━━━━━ Provided records

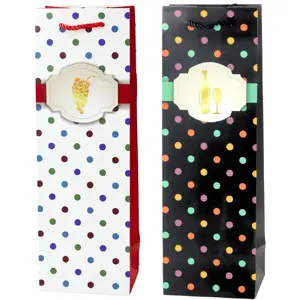Gift Bag for Wine Bottle Lean 35 x 12 x 9 cm, dotted pattern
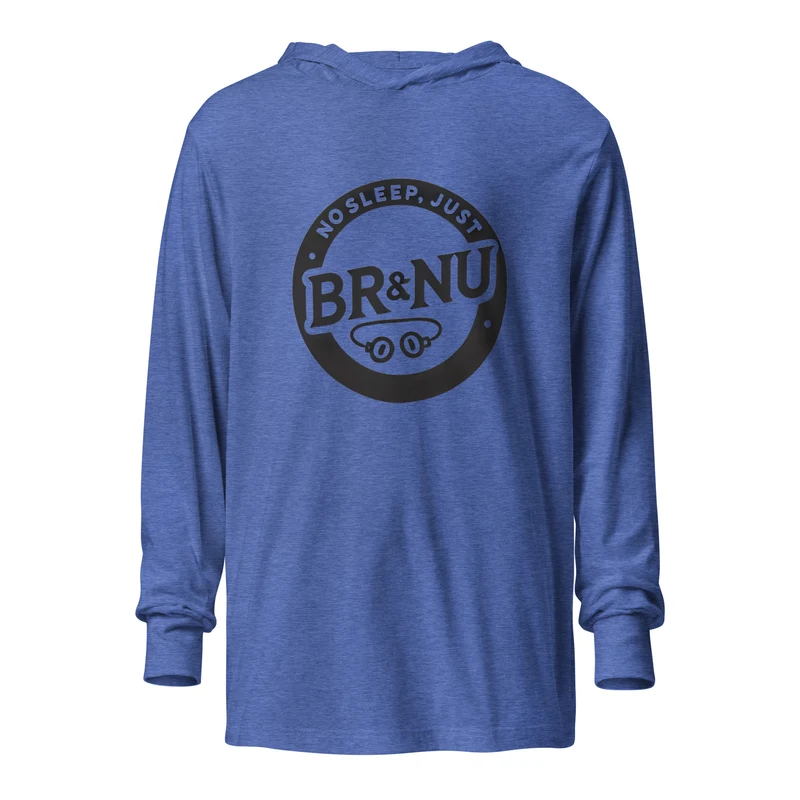 Timeless Black and White BR&NU Hooded Tee - Heather True Royal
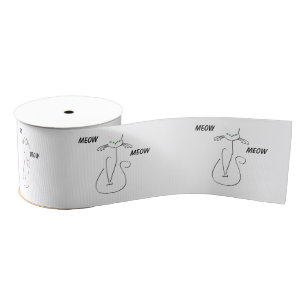 Lazo De Tela Gruesa Slinky Black Cat Meow Meow Personalizado Textos Oj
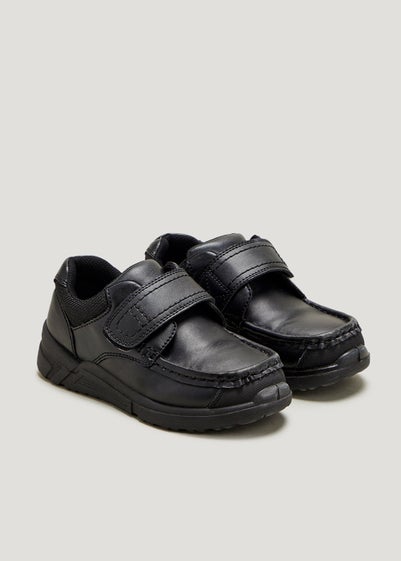 Boys Black Chunky Coated Leather School Trainers (Younger 7-Older 4) - Size 4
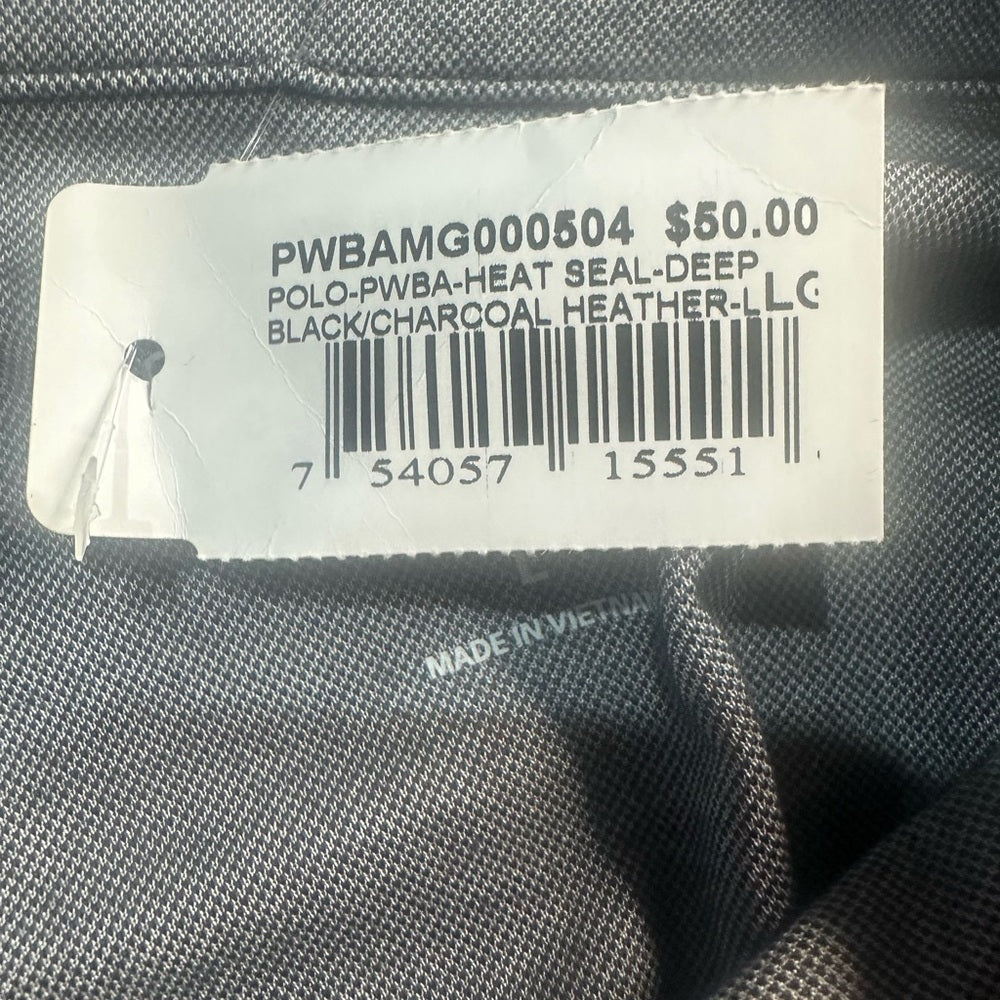 NWT SIZE L Port Authority Charcoal and Black Polo Shirt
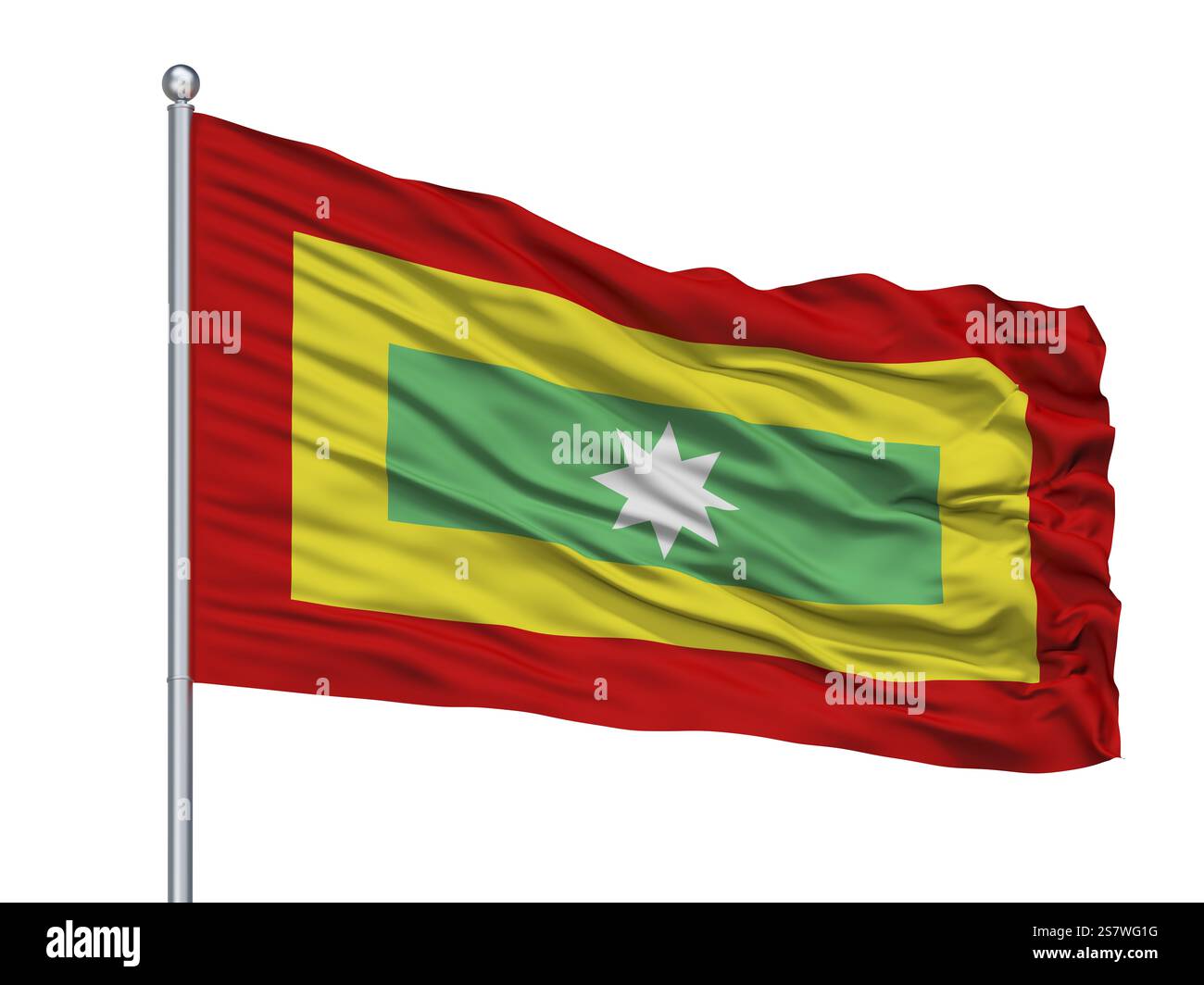 Carthagène drapeau de la ville sur mât de drapeau, pays Colombie, isolé sur fond blanc, rendu 3D. Banque D'Images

━━━━━━━━━━

Prompt: Copy the final stretch of lines, starting at the one that holds "Boys Black Chunky" and ending at the last line of the data, exactly; omit pictures.

Exercise answer:
 Boys Black Chunky Coated Leather School Trainers (Younger 7-Older 4) - Size 4
 NWT SIZE L Port Authority Charcoal and Black Polo Shirt
 Carthagène drapeau de la ville sur mât de drapeau, pays Colombie, isolé sur fond blanc, rendu 3D. Banque D'Images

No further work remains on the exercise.